45.19 Opioid Prescribing for Acute Pain: Surgeons vs. Emergency Medicine Physicians

J. S. Lee1, C. M. Brummett2, J. F. Waljee1, M. J. Englesbe1  1University Of Michigan,Department Of Surgery,Ann Arbor, MI, USA 2University Of Michigan,Department Of Anesthesiology,Ann Arbor, MI, USA

Introduction:
Although recent studies have suggested opioid prescribing is declining, opioid-related mortality continues to rise. Opioid prescriptions for acute pain play a crucial role, serving as a gateway to chronic use and a source of unused opioids for diversion. To identify potential opportunities to reduce excess opioid prescriptions for acute pain, we evaluated trends in opioid prescribing over time between surgeons and Emergency Medicine physicians. We hypothesized that opioid prescribing would increase in surgical specialties due to a lack of effective strategies for changing practice.

Methods:
Using the Medicare Part D Prescriber Public Use File, we identified surgeons and Emergency Medicine physicians with claims for opioid prescriptions from 2013 – 2015. Prescriber specialty was identified by National Provider Identifier codes. Our primary outcome measure was the number of days supplied for an individual opioid prescription, a parameter frequently restricted by legislation targeting opioid prescriptions for acute pain. We then calculated the average days supplied each year for surgeons and Emergency Medicine physicians. Differences in mean days supplied were evaluated using t-tests. We also calculated the percent change in mean days supplied compared to 2013 levels.

Results:
Between 2013 and 2015, 20.7 million opioid prescriptions were provided by surgeons, while 7.5 million opioid prescriptions were provided by Emergency Medicine physicians. For opioid prescriptions provided by surgeons, the number of days supplied per prescription rose by 3% (Figure 1) from 2013 to 2015 (7.7 vs. 7.9 days, p < 0.001).

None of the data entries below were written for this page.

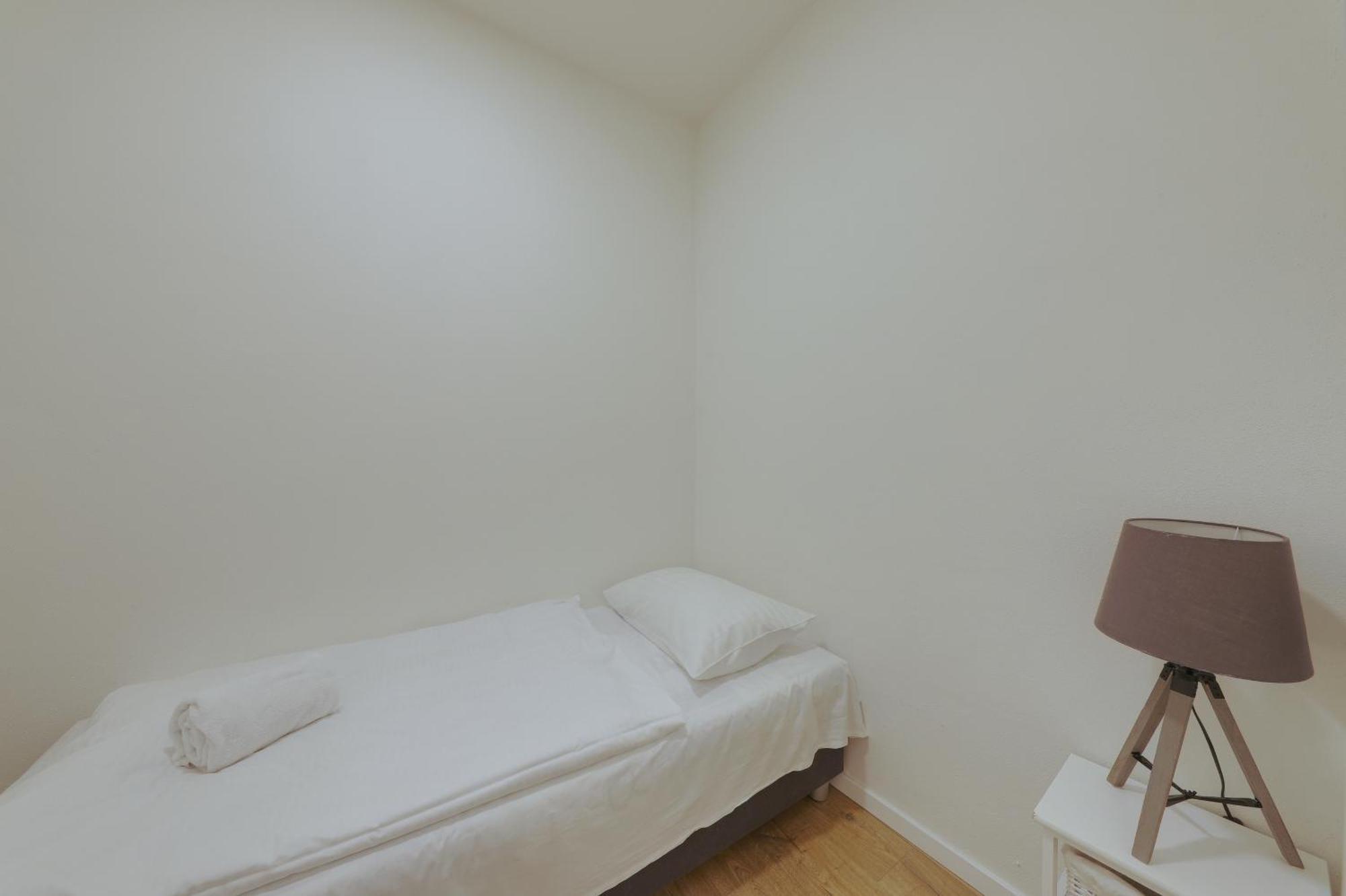 Shone Apartment Old Town 2 Bedroom Братислава Екстериор снимка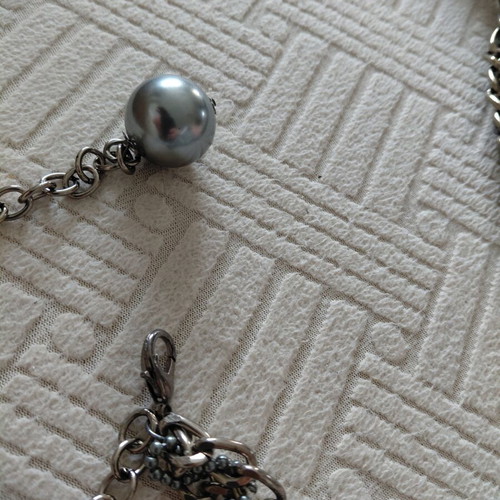 Metal belt like new, adjustable, silver chain style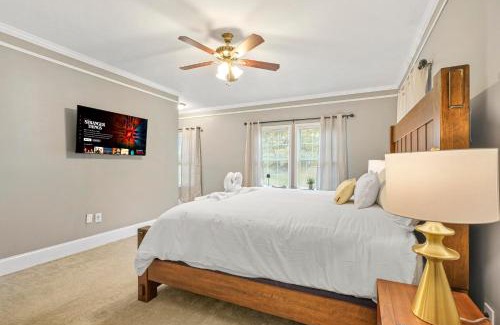 Belvedere Park House | Atlanta Gem Near Mercedez Benz Stadium & Stone Mtn Prk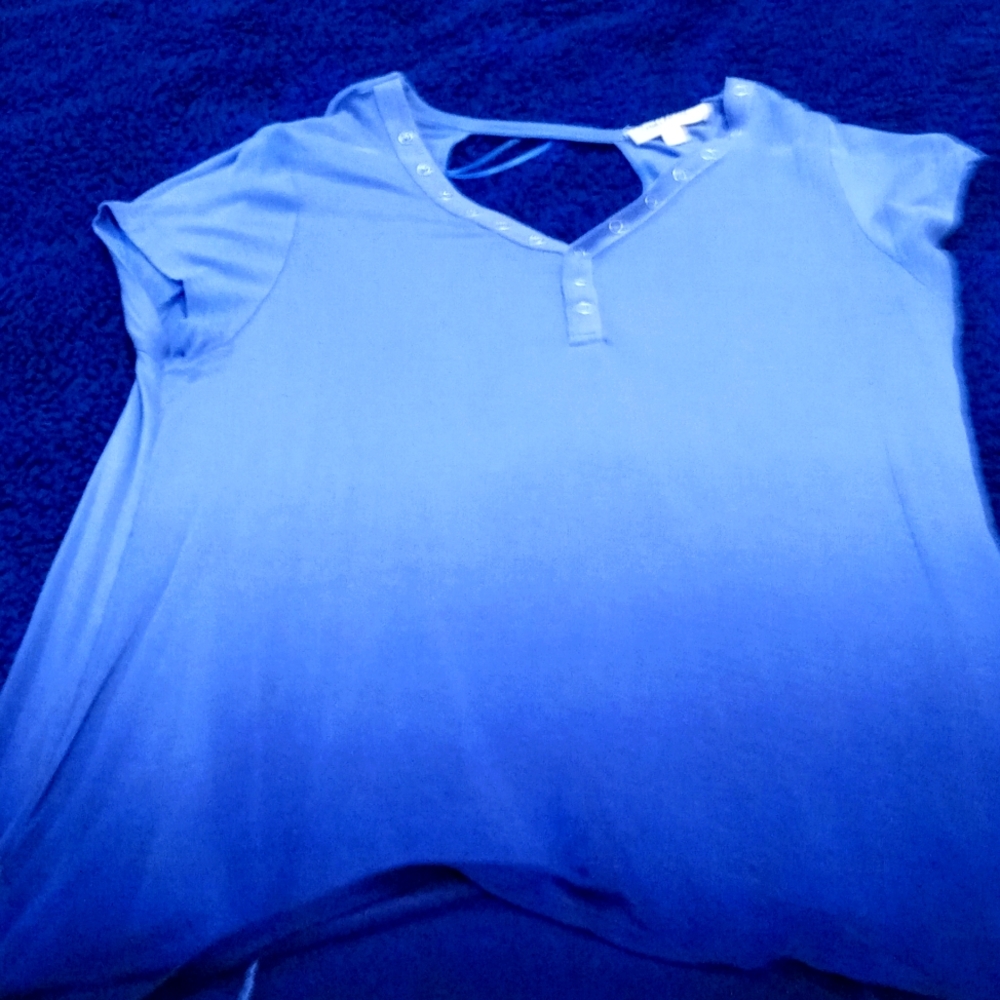 Great shirt with open back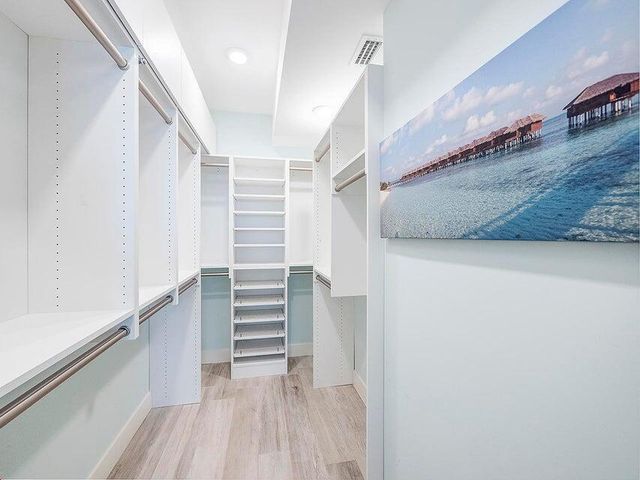 105 Paradise Harbour Boulevard 502, North Palm Beach, FL 33408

In contrast, for prescriptions provided by Emergency Medicine physicians, days supplied decreased by 5% (5.0 vs 4.7 days, p <0.001).

Conclusion:
In recent years, the average days supplied for opioid prescriptions provided by surgeons has increased by 3%, but has declined by 5% for Emergency Medicine physicians. This may be due to earlier implementation of strategies in Emergency Medicine, such as the American College of Emergency Physicians Clinical Policy on Opioid Prescribing in 2012. With recent studies showing surgical opioid prescriptions far exceed patient needs, surgeons must develop more effective strategies to change practice for opioid prescribing.